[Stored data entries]
※ ※ ※

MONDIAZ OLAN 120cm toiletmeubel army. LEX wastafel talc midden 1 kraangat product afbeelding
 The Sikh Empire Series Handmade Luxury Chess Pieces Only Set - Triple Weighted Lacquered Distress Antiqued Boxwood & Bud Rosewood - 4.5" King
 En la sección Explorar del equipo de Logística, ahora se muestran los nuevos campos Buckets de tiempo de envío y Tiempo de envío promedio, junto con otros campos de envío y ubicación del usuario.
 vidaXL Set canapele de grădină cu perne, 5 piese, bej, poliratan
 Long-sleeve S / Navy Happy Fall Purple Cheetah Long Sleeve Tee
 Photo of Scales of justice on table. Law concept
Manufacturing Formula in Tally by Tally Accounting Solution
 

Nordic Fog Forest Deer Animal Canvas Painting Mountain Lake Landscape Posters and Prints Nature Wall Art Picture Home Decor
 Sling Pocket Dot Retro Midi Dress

※ ※ ※

▶ [Task requirements] Only the lines from the one containing "Nordic Fog Forest" through the end of the entries above should be written out, exactly and in full.

▶ [Answer to the exercise]
Nordic Fog Forest Deer Animal Canvas Painting Mountain Lake Landscape Posters and Prints Nature Wall Art Picture Home Decor
 Sling Pocket Dot Retro Midi Dress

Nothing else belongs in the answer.